Task requirements - An exact transcription of each entry below is required, without any pictures.

Data supplied -
________________

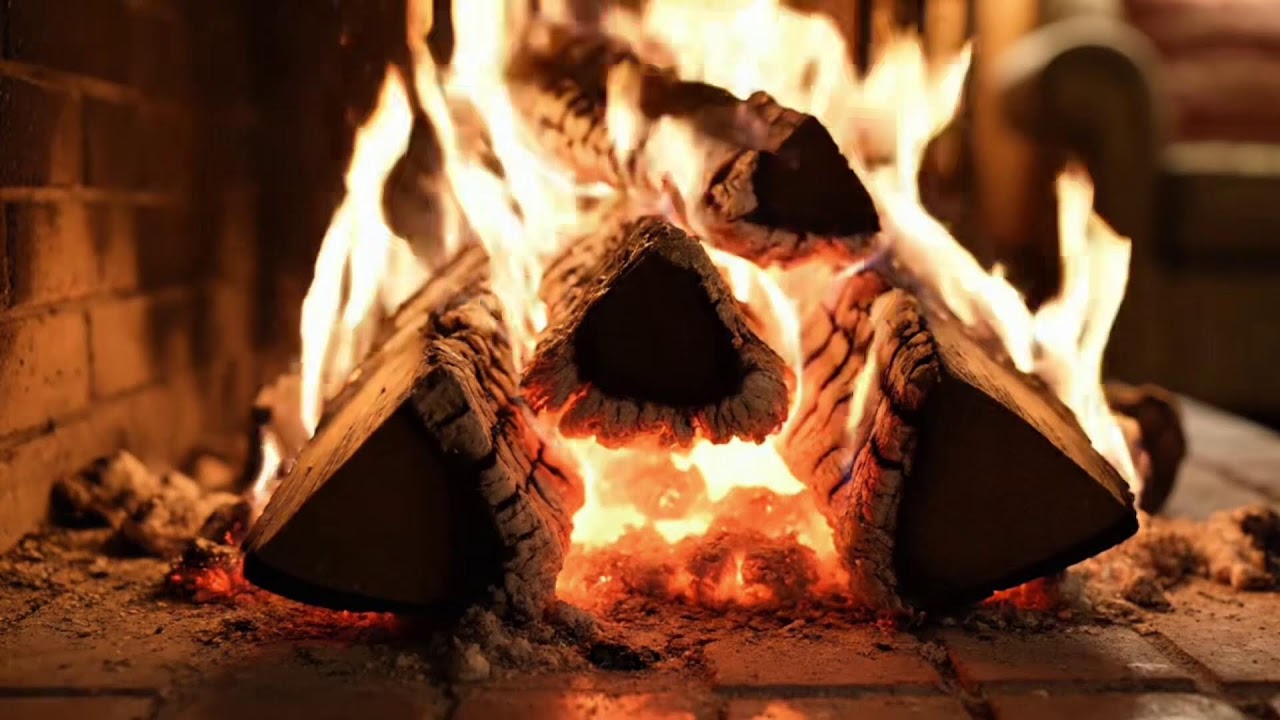 Crackling Fireplace & Gentle Piano 🎹🔥 Perfect Background Music for Studying, Reading & Relaxation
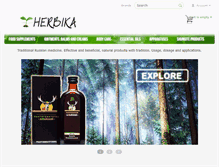 Tablet Screenshot of herbika.com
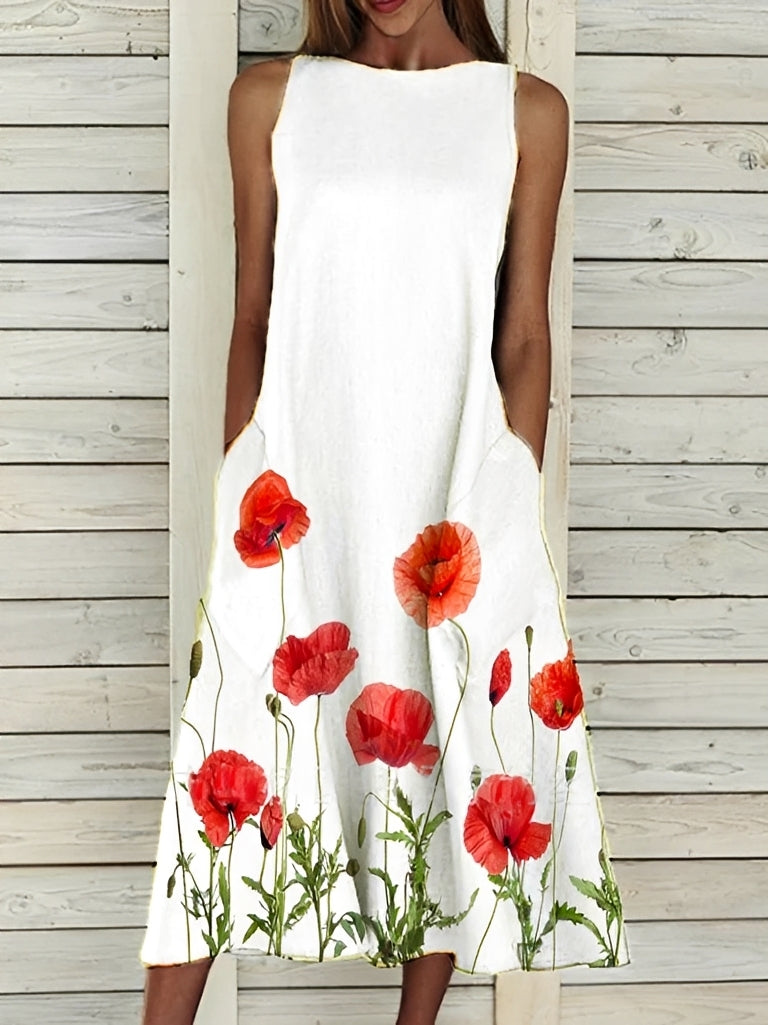 Josephine - Robe raffinée avec motif floral pour femmes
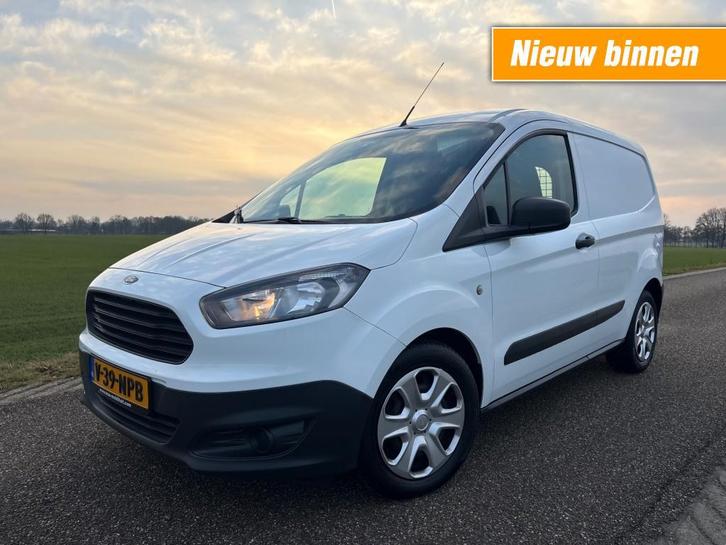 Ford TRANSIT COURIER 1.0 TREND / BENZINE / NETTE STAAT / LAG, Auto's, Bestelauto's, Bedrijf, ABS, Airbags, Bluetooth, Boordcomputer
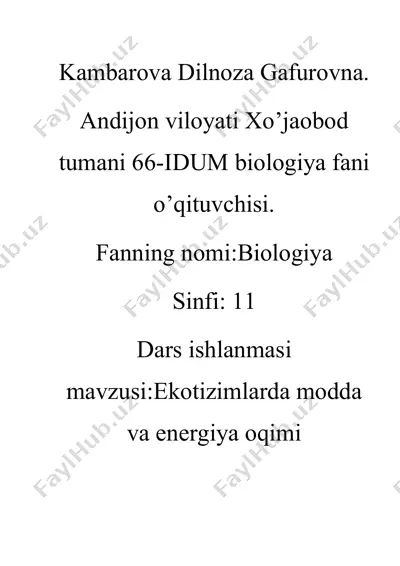 biologiya dars ishlanmasi — DOCX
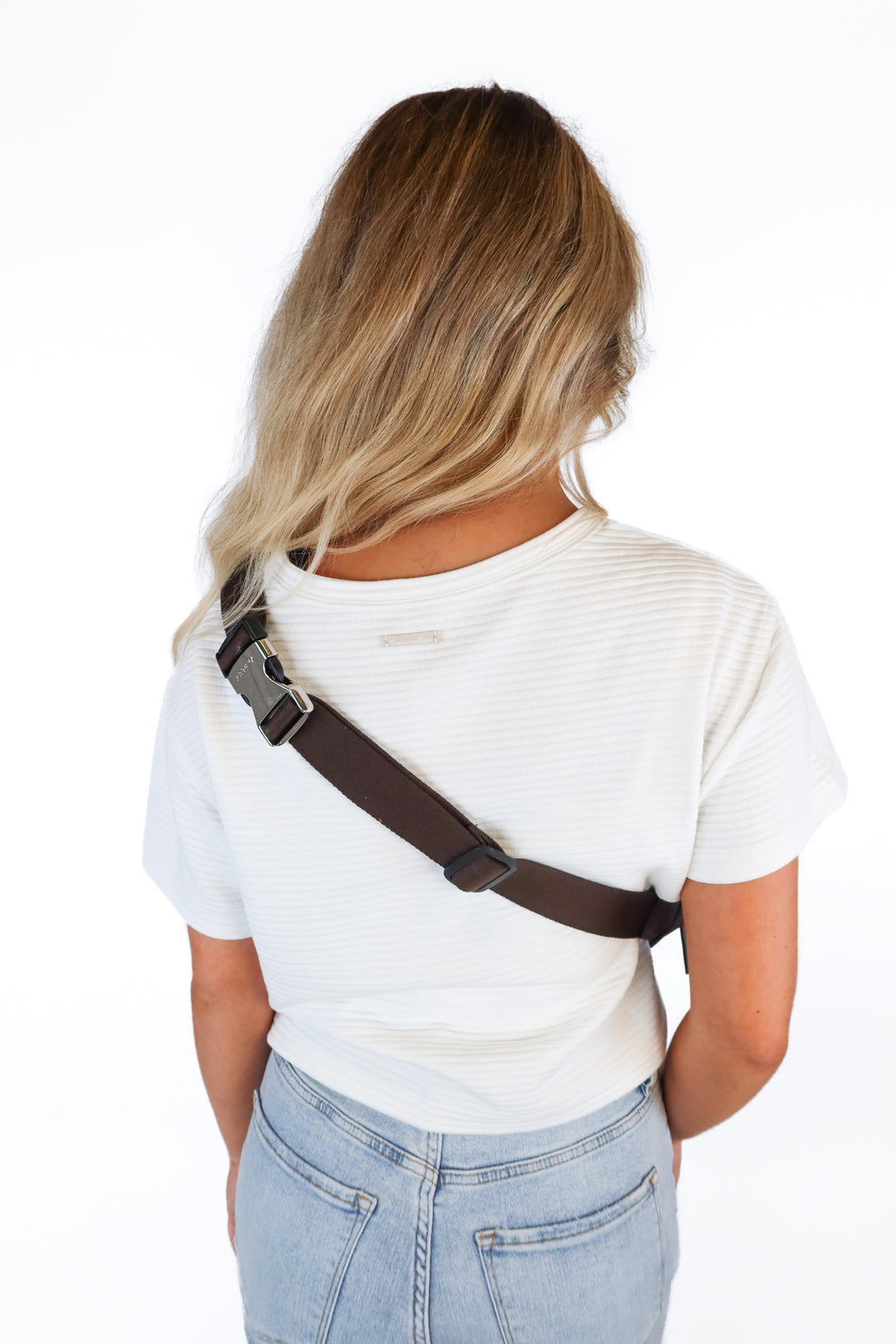 Varley Chocolate Brown Bum Bag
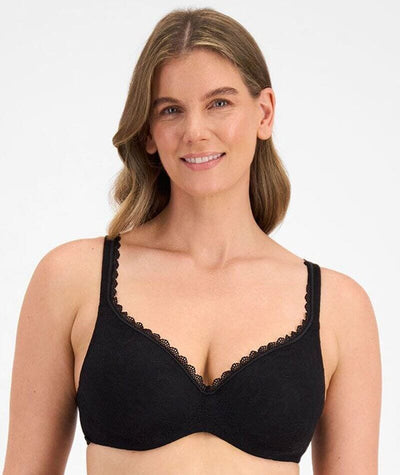 Berlei Barely There Lace Bra - Black Bras 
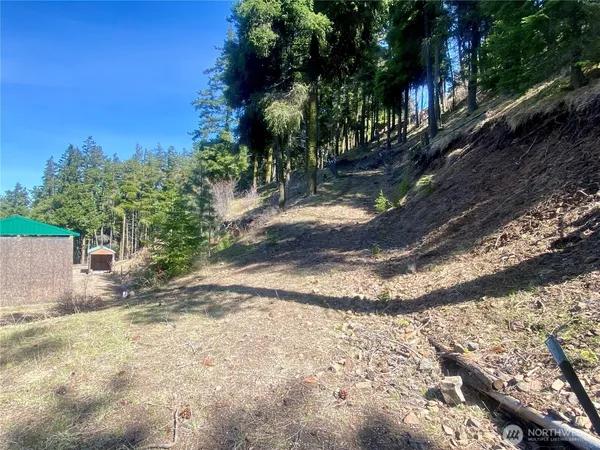 a backyard of a house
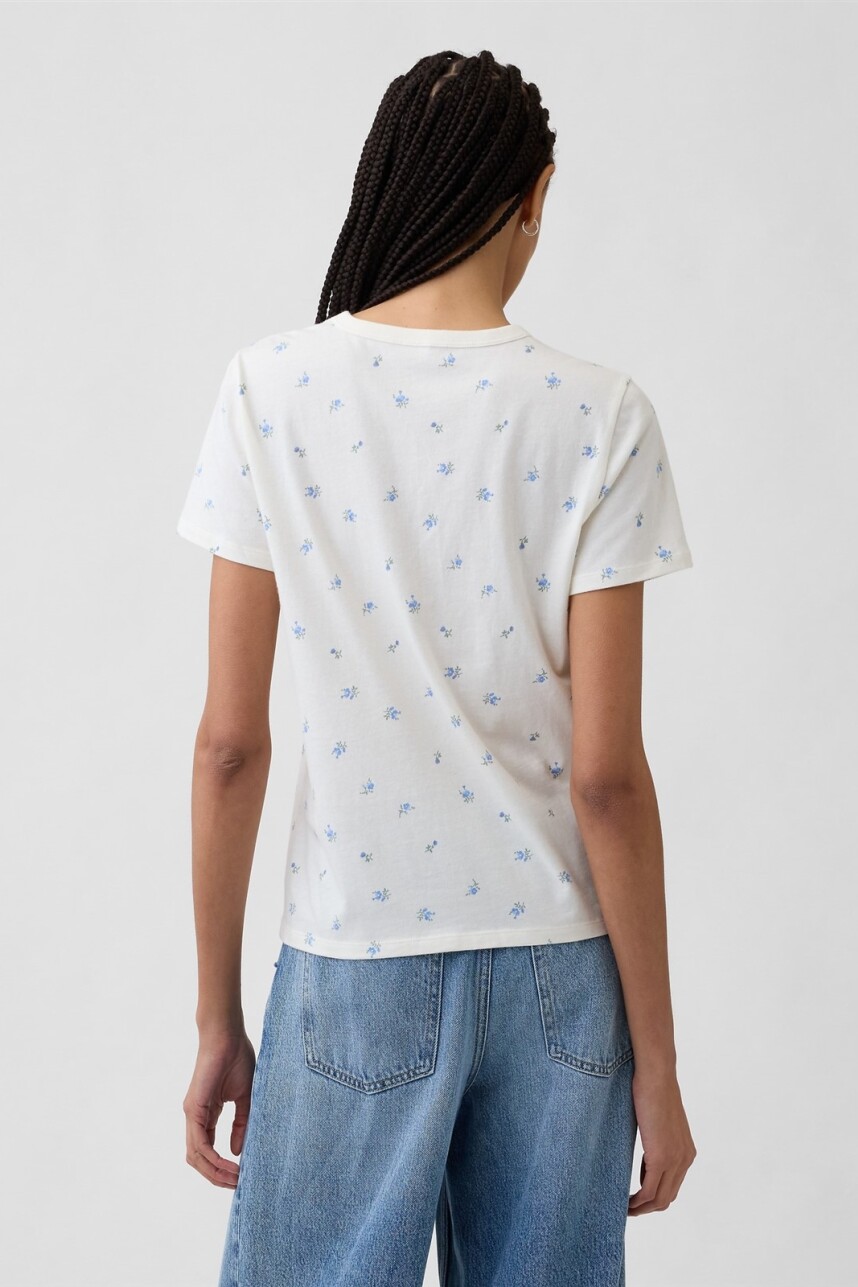 Remera Manga Corta Mujer Purple Floral
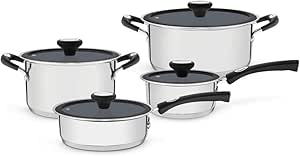 Jogo de Panelas com Revestimento Interno Cermico, Tramontina, Solar 65120026, Inox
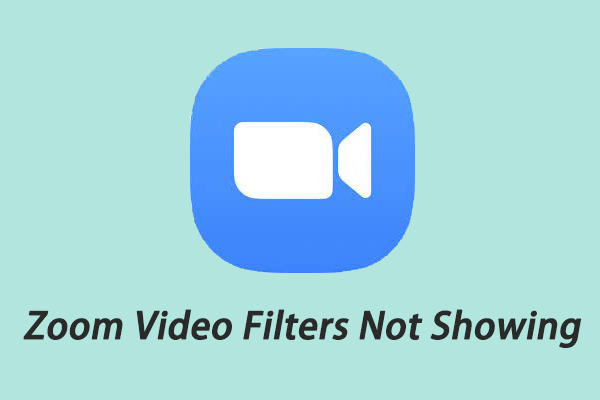Zoom Video Filters Not Showing - Top 3 Ways to Fix This Issue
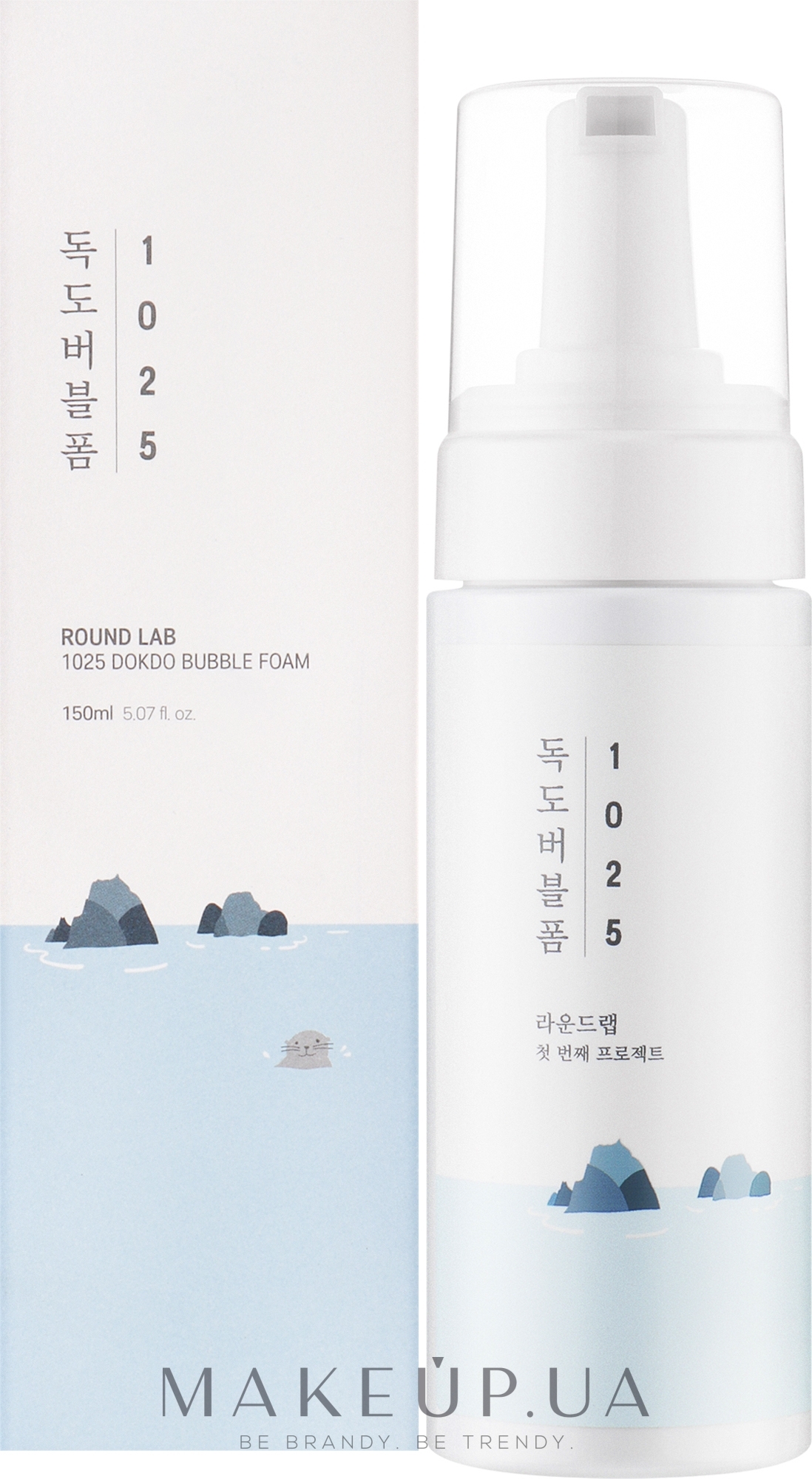 Очищающая пенка для проблемной кожи - Round Lab Round Lab 1025 Dokdo Bubble Foam — фото 150ml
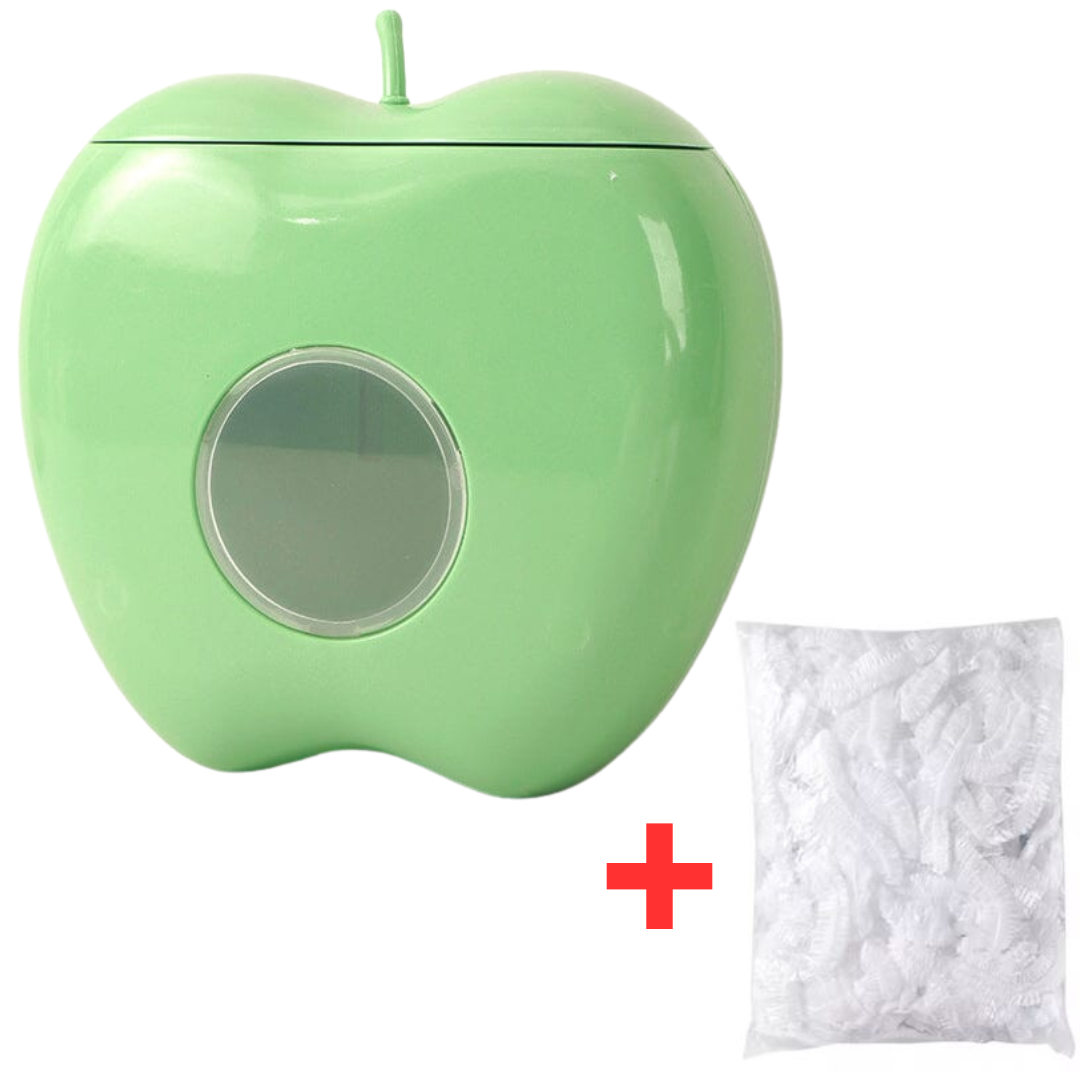 Globetrek° PlasticStorage 1+1 GRATIS: Apple Opslag Dispenser + 100 Stuks Plastic Wikkels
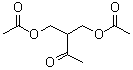 4-(Acetyloxy)-3-[(acetyloxy)methyl]-2-butanone molecular structure (CAS 5400-83-9)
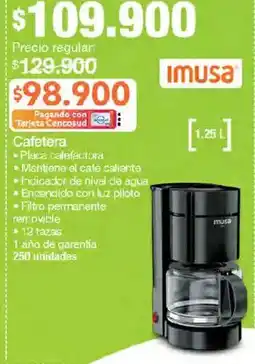 Jumbo Imusa cafetera oferta
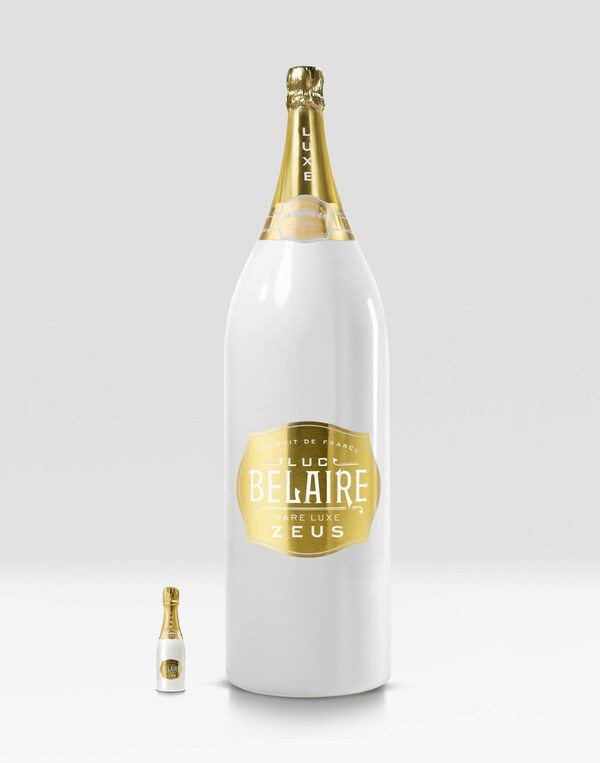 Luc Belaire Launches ZEUS The World's Largest Bottle of Bubbly*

________________

Response to the task -
 Crackling Fireplace & Gentle Piano 🎹🔥 Perfect Background Music for Studying, Reading & Relaxation
 Tablet Screenshot of herbika.com
 Josephine - Robe raffinée avec motif floral pour femmes
 Ford TRANSIT COURIER 1.0 TREND / BENZINE / NETTE STAAT / LAG, Auto's, Bestelauto's, Bedrijf, ABS, Airbags, Bluetooth, Boordcomputer
 biologiya dars ishlanmasi — DOCX
 Varley Chocolate Brown Bum Bag
 Berlei Barely There Lace Bra - Black Bras 
 a backyard of a house
 Remera Manga Corta Mujer Purple Floral
 Jogo de Panelas com Revestimento Interno Cermico, Tramontina, Solar 65120026, Inox
Zoom Video Filters Not Showing - Top 3 Ways to Fix This Issue
 Очищающая пенка для проблемной кожи - Round Lab Round Lab 1025 Dokdo Bubble Foam — фото 150ml
 Globetrek° PlasticStorage 1+1 GRATIS: Apple Opslag Dispenser + 100 Stuks Plastic Wikkels
 4-(Acetyloxy)-3-[(acetyloxy)methyl]-2-butanone molecular structure (CAS 5400-83-9)
 Jumbo Imusa cafetera oferta
 Luc Belaire Launches ZEUS The World's Largest Bottle of Bubbly*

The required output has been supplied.